** Entries shown follows **

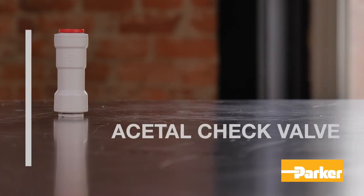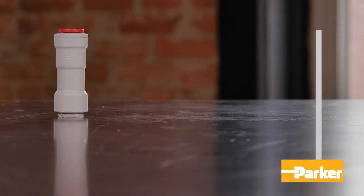Parker's Acetyl Check Valves are designed to pair with polyethylene, polypropylene, nylon, vinyl, fluoropolymer, PVDF, and polyurethane tubing. Refer to the Fluid System Connector Catalog to determine the gripper style required for your selected tubing.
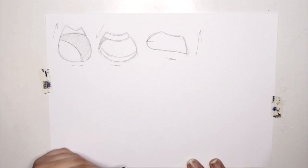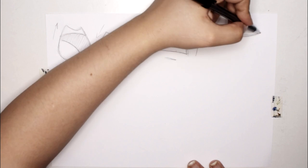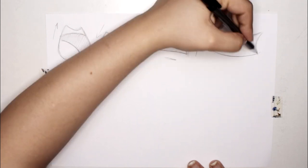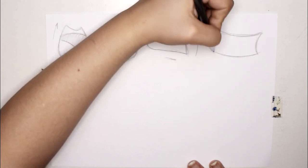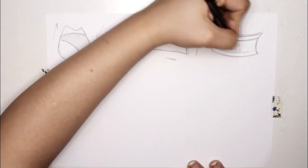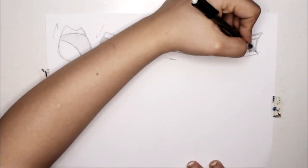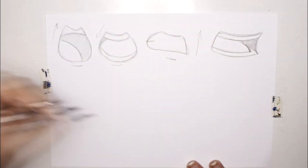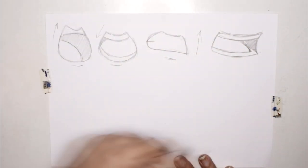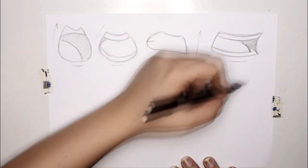Closed mouth shapes showing teeth are usually drawn by not drawing teeth tooth by tooth, but just showing two little lines on the sides of the teeth. When you have a character with an open mouth, make sure to show at least one row of teeth as two parallel curvy lines.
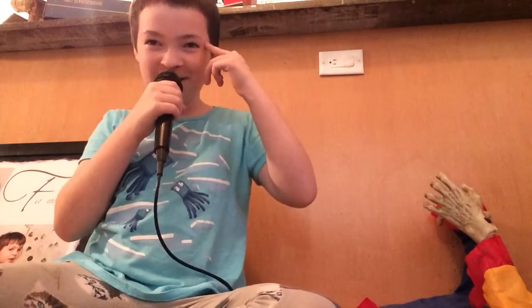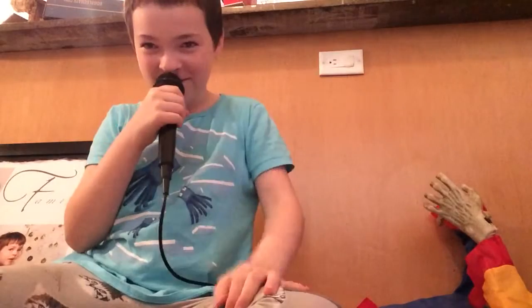Hey guys, if you see a blinding light, that's because of my lamp. I might start wearing sunglasses just to block this blinding light. It's like the sun is in my home.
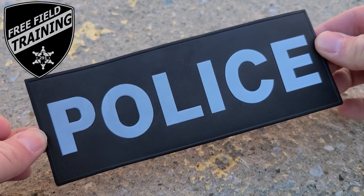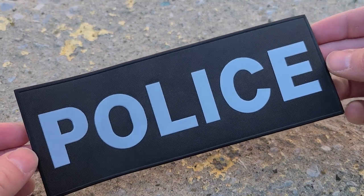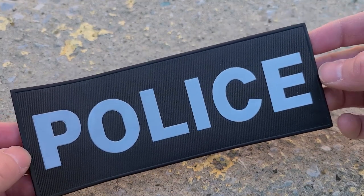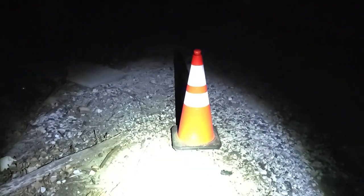Today on Free Field Training we're taking a look at a polymer reflective police patch made by Tactically Suited. They sent this out with a bunch of other stuff about a year ago and I've been testing it since then. I've got some points for you about why you may want to go with something like this instead of an embroidered back patch or front patch for your carrier.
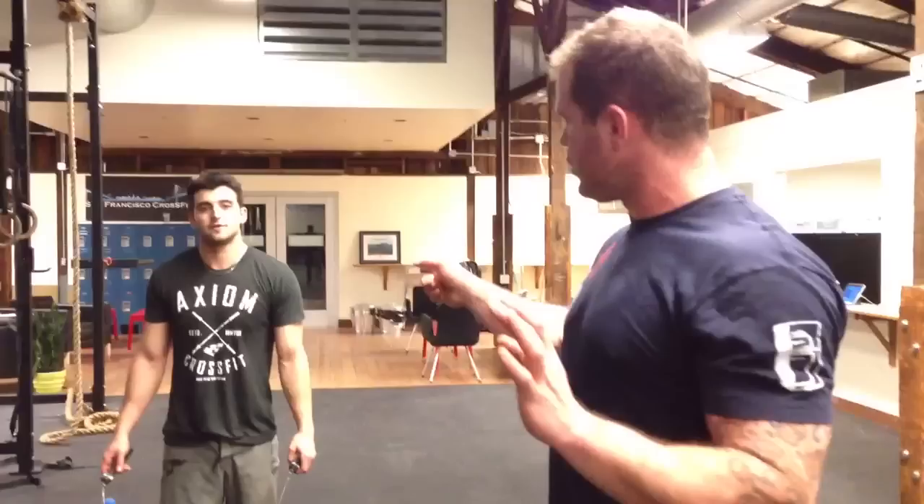Hey, welcome back MobilityWOD. We wanted to film a quick addendum to our jump rope work because I want to give you guys a quick differential diagnosis, because one of the things we've been talking about today is the shoulder position.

** End of Entries shown **

** Exercise details **
The job is to copy all the records precisely while omitting any picture.

** Answer below **
Parker's Acetyl Check Valves are designed to pair with polyethylene, polypropylene, nylon, vinyl, fluoropolymer, PVDF, and polyurethane tubing. Refer to the Fluid System Connector Catalog to determine the gripper style required for your selected tubing.
Closed mouth shapes showing teeth are usually drawn by not drawing teeth tooth by tooth, but just showing two little lines on the sides of the teeth. When you have a character with an open mouth, make sure to show at least one row of teeth as two parallel curvy lines.
Hey guys, if you see a blinding light, that's because of my lamp. I might start wearing sunglasses just to block this blinding light. It's like the sun is in my home.
Today on Free Field Training we're taking a look at a polymer reflective police patch made by Tactically Suited. They sent this out with a bunch of other stuff about a year ago and I've been testing it since then. I've got some points for you about why you may want to go with something like this instead of an embroidered back patch or front patch for your carrier.
Hey, welcome back MobilityWOD. We wanted to film a quick addendum to our jump rope work because I want to give you guys a quick differential diagnosis, because one of the things we've been talking about today is the shoulder position.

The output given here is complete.